Constantine the Great dedicated the original Church of the Holy Apostles around the year 330, intending it as a gathering place for the relics of all twelve apostles. He did not live to see it finished; he died in 337, and his son Constantius II completed it and buried his father there. The relics of only three saints were actually obtained — Andrew, Luke, and Timothy — and in later centuries the church came to be understood as theirs specifically, the original Apostolic ambitions somewhat diminished. But what it lacked in relics it made up in imperial dead. Emperor after emperor was interred here, beginning with Constantine himself and running through to Constantine VIII, who died in 1028. After that, space ran out and emperors were buried elsewhere.
By the time Justinian I came to power, the original church was considered insufficiently grand. A new building rose on the same site, designed by Anthemius of Tralles and Isidorus of Miletus — the same architects responsible for the rebuilt Hagia Sophia. The new Church of the Holy Apostles was consecrated on June 28, 550. It was cruciform in plan, a design that would prove enormously influential: dozens of churches in the late 4th and early 5th centuries had already been built in imitation of the earlier structure, including St. Ambrose's Church of the Apostles in Milan and the martyrium of St. Babylas in Antioch. The cruciform plan replaced the older basilica form with a centralized, shrine-focused layout that shaped Christian architecture for centuries. Inside the Justinian church, the relics of Constantine and the three saints were reinstalled, and a new mausoleum for Justinian and his family was added to the end of its northern arm.

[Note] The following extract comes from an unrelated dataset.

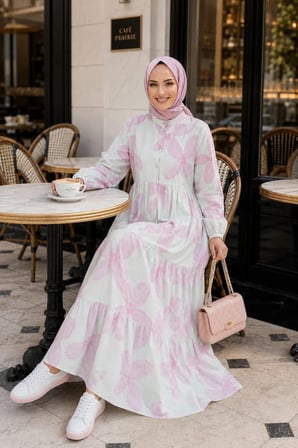 Kadın Düğmeli Modal Desenl Pembe Elbise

The treasury accumulated over centuries. The skulls of Saints Andrew, Luke, and Timothy were the most prized possessions, but the church also claimed to hold part of the Column of Flagellation, to which Jesus had been bound before his crucifixion. Relics of John Chrysostom and other Church Fathers joined the collection. Gold, silver, and gems donated by the faithful filled the treasury. Emperor Basil I renovated the church in the 9th century. The historian and patriarch Nikephoros I of Constantinople was reinterred there after his death, and the site became a focus of annual imperial devotion. Then came 1204. The Fourth Crusade looted Constantinople with a thoroughness that still shocks. The historian Nicetas Choniates recorded Crusaders breaking open the imperial tombs, stripping the gold and gems. The golden crown of Emperor Heraclius was stolen with his hair still attached to it. Some of what was taken can be found today in St. Mark's Basilica in Venice.

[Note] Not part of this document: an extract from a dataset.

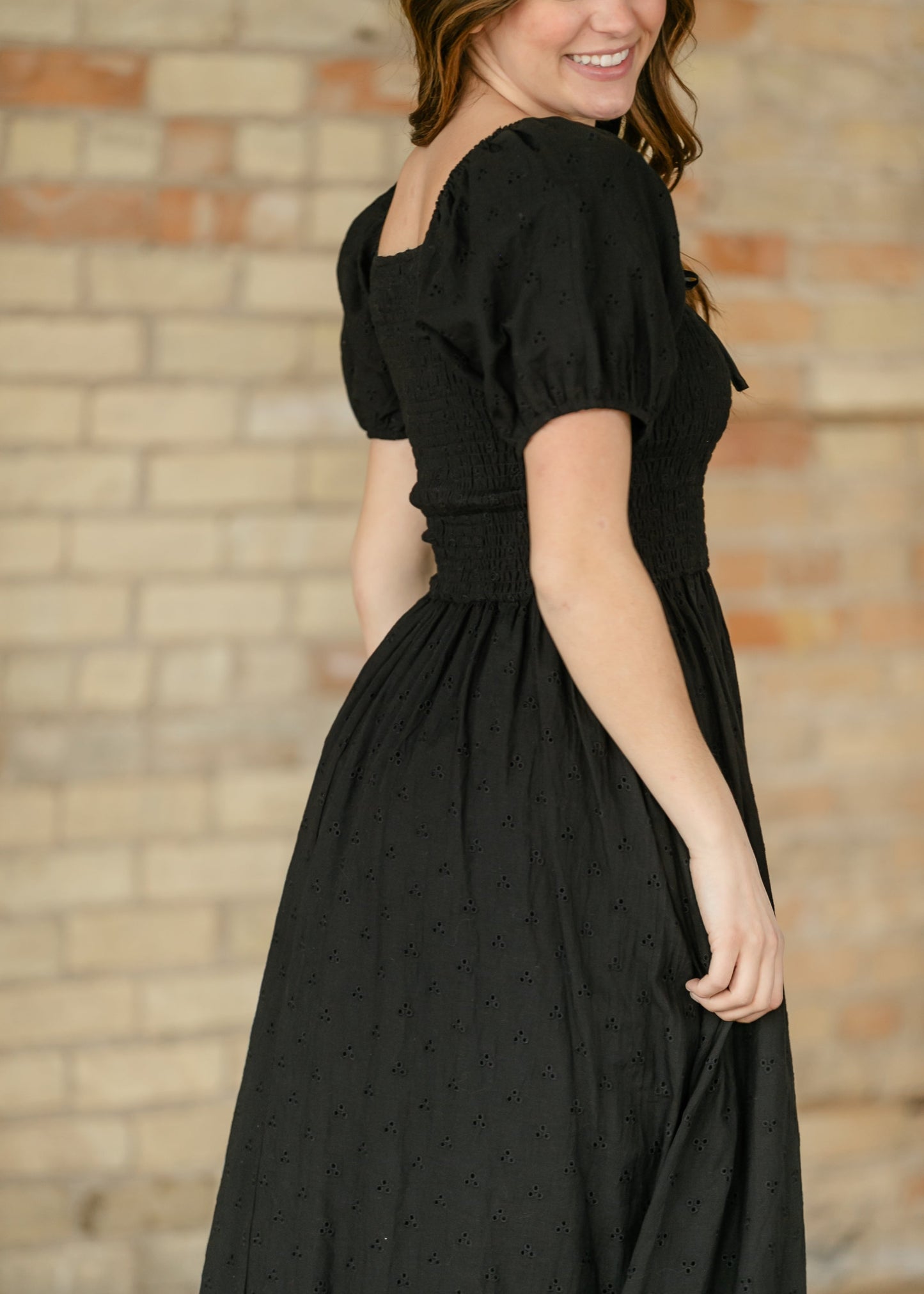 Rayna Black Eyelet Maxi Dress FF Dresses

After the Crusaders were expelled and Michael VIII Palaeologus recaptured Constantinople in 1261, he erected a statue of the Archangel Michael at the church to mark the occasion. Andronicus II partially restored the building in the early 14th century. But the Byzantine Empire was contracting. Constantinople's population was falling. The Florentine traveler Cristoforo Buondelmonti saw the church in 1420 and noted its decay. After 1453, Sultan Mehmed II initially gave the building to the Orthodox Patriarch Gennadius Scholarius as the seat of the Patriarchate. Three years later, Gennadius moved the Patriarchate to the Theotokos Pammakaristos Church — the Holy Apostles was too dilapidated to serve. In 1461, the remaining structure was demolished to make way for the Fatih Mosque complex, Mehmed's great Ottoman commission for the hilltop the church had occupied.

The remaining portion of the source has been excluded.